These forward-looking statements are subject to numerous assumptions, risks and
uncertainties, including, but not limited to: in the age-qualified properties,
home sales results could be impacted by the ability of potential homebuyers to
sell their existing residences as well as by financial markets volatility; in
the all-age properties, results from home sales and occupancy will continue to
be impacted by local economic conditions, lack of affordable manufactured home
financing, and competition from alternative housing options including site-built
single-family housing; our ability to maintain rental rates and occupancy with
respect to properties currently owned or pending acquisitions; our assumptions
about rental and home sales markets; the completion of pending acquisitions and
timing with respect thereto; the effect of interest rates as well as other risks
indicated from time to time in our filings with the SEC. These forward-looking
statements are based on management's present expectations and beliefs about
future events.
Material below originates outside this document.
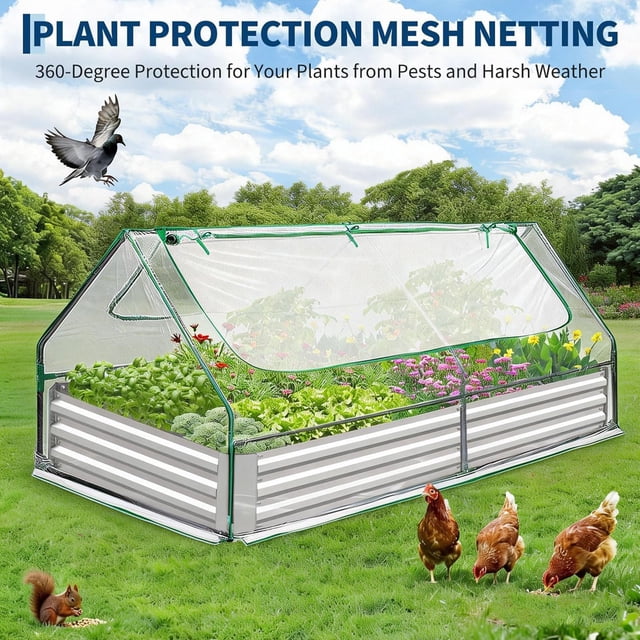 AKDSteel Galvanized Raised Garden Bed With Cover, 6x3x1 Ft Metal Planter Box Featuring Screen Windows And Large Greenhouse For Outdoor Growing Of Flowers, Vegetables, And Herbs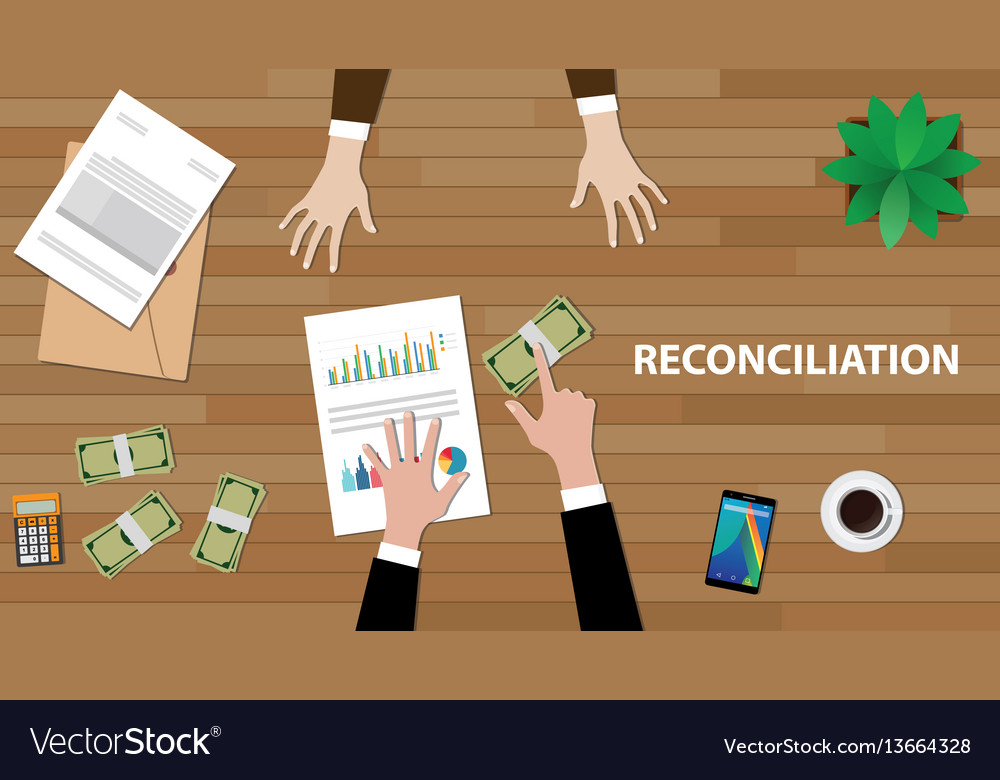 Reconciliation white text with two Royalty Free Vector Image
As with any projection or forecast, these statements are
inherently susceptible to uncertainty and changes in circumstances. ELS is under
no obligation to, and expressly disclaims any obligation to, update or alter its
forward-looking statements whether as a result of such changes, new information,
subsequent events or otherwise.

         Equity LifeStyle Properties, Inc. owns or has an interest in 294
quality properties in 30 states and British Columbia consisting of 108,419
sites. We are a self-administered, self-managed, real estate investment trust
(REIT) with headquarters in Chicago.



SIGNATURE



Pursuant to the requirements of the Securities Exchange Act of 1934, the
Registrant has duly caused this Report to be signed on its behalf by the
undersigned thereunto duly authorized.








                                       EQUITY LIFESTYLE PROPERTIES, INC.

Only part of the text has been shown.